As part of this initiative, the authors examined the impact of selected SDoH on psychological well-being (depression, cognition, and self-rated health) in a large sample of older individuals (more than 11,000 participants 51–89 years of age) who took part in the Health and Retirement Study and were categorized into Black, Hispanic/Latinx, and White racial/ethnic groups. Selected SDoH included education, years worked, income, insurance coverage, veteran status, geographic location, and nativity status. Utilizing sophisticated methodologies, the authors found that differences in key SDoH, including education, income, years worked, and insurance parity, underlie racial/ethnic disparities in depression, cognition, and self-rated health of older adults. Thus, SDoH were associated with a significantly larger proportion of Black–White disparities in depressive symptoms (51%), cognition (39%), and self-rated health (37%), but age, sex, health-related measures, and health care utilization were not. In the case of Hispanic/Latinx individuals, analyses showed that SDoH were associated with disparities in cognition (76%) and self-rated health (75%).

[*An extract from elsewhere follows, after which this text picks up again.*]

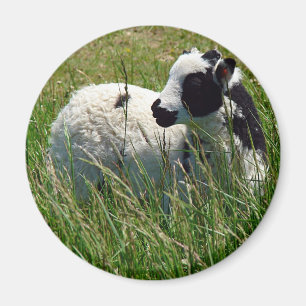 Jacob Ram Lamb Magnet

While the impact of these variables on health outcomes is well known, in our view, this is the first time that these inequalities have been so unambiguously delineated in the context of a large, respectable data set. Unfortunately, among the limitations of this data set are that it is restricted to older adults and includes only White, Black, and Hispanic individuals. Therefore, the possibility of modifying the impact of many of these SDoH in the studied population seems quite limited, and the results cannot be generalized to other racial/ethnic groups.
As noted by the authors, some SDoH are more modifiable than others. For example, attitudes toward health and health-related behaviors can be positively influenced through appropriate counseling and education. Other SDoH are related to environmental contingencies that may be changeable (e.g., affordability of and access to health care). However, many other SDoH seem much more difficult to alter or modify, particularly in the case of older age groups. These include quality of childhood education, nativity status, occupational history, and income. Given the availability of other large data sets, one would hope that investigators will use similar strategies to elucidate specific, modifiable SDoH in the context of other populations and data sets that might eventually lead to successful interventions.
The clinical implications of these findings are an increased awareness of the inequalities affecting Black and Hispanic populations in the United States and a better understanding of how social determinants lead to these disparities and exert a negative impact on health status and certain types of psychopathology. Moreover, these results highlight the relevance of integrating this knowledge into future mental health interventions that may be applied across the lifespan.